Overview of EM Methods with a Focus on the Multi-Transient Electromagnetic (MTEM) Method
|Dr Bruce Hobbs (University of Edinburgh, United Kingdom)|
|Near Surface – Non-Seismic Methods|
|5 CPD points|
2D 3D INVERSION MARINE MULTI‑TRANSIENT NEAR SURFACE OCEANOGRAPHY RECIPROCITY RESISTIVITY SATURATION
Reservoir rocks contain water, hydrocarbons or a mixture of both. The resistivity of those rocks is a sensitive indicator of hydrocarbon saturation levels and may be determined remotely by electromagnetic (EM) methods. The multi-transient electromagnetic method (MTEM) is a technology with sufficient resolving power to delineate potential reservoirs and to monitor hydrocarbon movements in a commercial context.
The objective of this course is to provide an understanding and appreciation of the technology and its capabilities so that geoscientists will feel confident in incorporating the method into their appraisal and decision-making workflows. Another objective is to understand the contribution that MTEM technology can make to appraisals and work-flow in exploration and monitoring.
The course is divided into four sections. The first gives a brief summary of EM methods and introduces the new MTEM technology. Following sections provide details of the method, its practical realisation for land and marine surveys and some case studies.

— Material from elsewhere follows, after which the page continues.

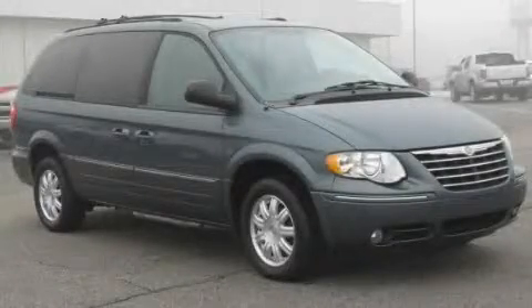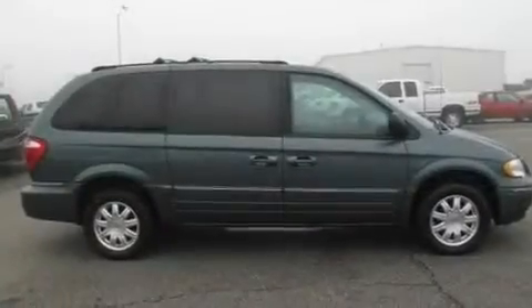This is a 2005 Chrysler Town & Country, the vehicle with enough space for you and yours.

1. EM Methods and Introduction to MTEM
- Resistivity and its importance in the oil industry
- Overview of EM and electrical methods
- Introduction to the MTEM method
- Overview of applications
2. The MTEM method: Acquisition and Processing
- Step and impulse response functions
- Step and pseudo-random binary sequence (PRBS) source functions
- Repeatability and reciprocity
- Layout and acquisition parameters
- Processing and quality control
- In-field results - real time appraisal (RTA) of subsurface prospects
3. Modelling and Inversion
- 1D modelling of step and impulse response functions
- 3D modelling of complex structures
- Extraction of dipole-dipole DC resistivity as a by-product of MTEM
- 2D inversion of DC resistivity
- 1D inversion of step and impulse response functions
- Collation of 1D inversions
4. Equipment and applications
- Three generations of field equipment for land surveys
- Marine Equipment
- Case studies including surveys in France, Canada, Central America and the North Sea
Participants should have knowledge of basic science.
About the instructor
Bruce Hobbs is Visiting Professor at the University of Edinburgh and is co-founder, with Anton Ziolkowski, David Wright and Leon Walker, of the company MTEM Ltd. He was Director of Pentland Geophysics.

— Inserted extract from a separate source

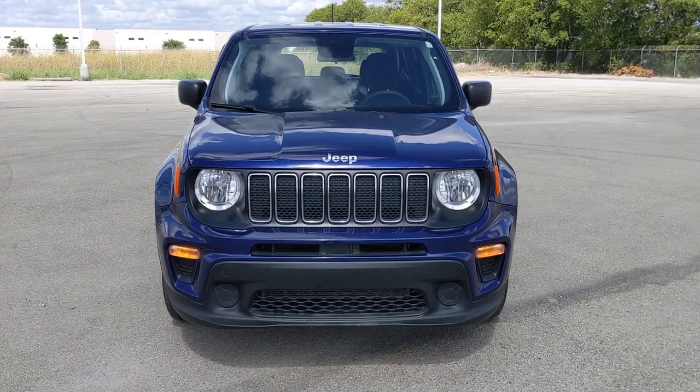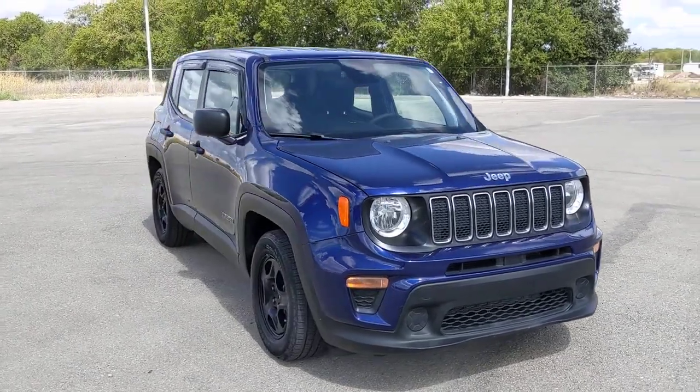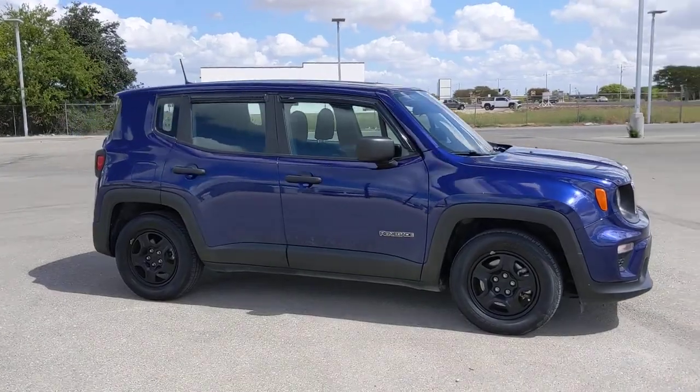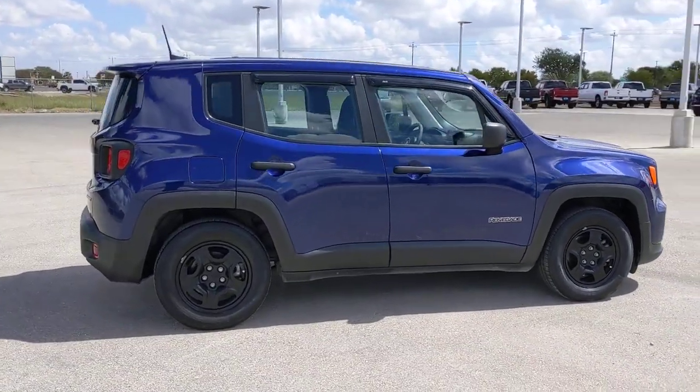Get into a car with value — a 2019 Jeep Renegade with less than 35,000 miles. The Renegade packs rugged versatility, edgy looks, smart safety and entertainment technology, and the heart and soul of an icon into a compact can-do SUV.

Bruce graduated from Exeter University with B.Sc (1965) and Ph.D (1968) in mathematics and his 41 years of research have mainly involved electromagnetic induction studies, inversion theory and near surface geophysics. Academic positions include faculty positions at Laurentian University, Ontario and The University of Edinburgh, Scotland, a research fellowship at Cambridge University and sabbaticals at Scripps Institute of Oceanography as a Green Scholar, the Lunar and Planetary Laboratory at the University of Arizona (twice) as Adjunct Professor and the University of Paris (twice) as Visiting Professor.
Bruce has held posts as Geophysical Secretary and Vice-President of the Royal Astronomical Society, London; Chairman, Joint Association for Geophysics, UK; Chairman, Working Group 3, Division 1 of the International Association of Geomagnetism and Aeronomy and has organised and run many workshops on electromagnetic induction and resistivity.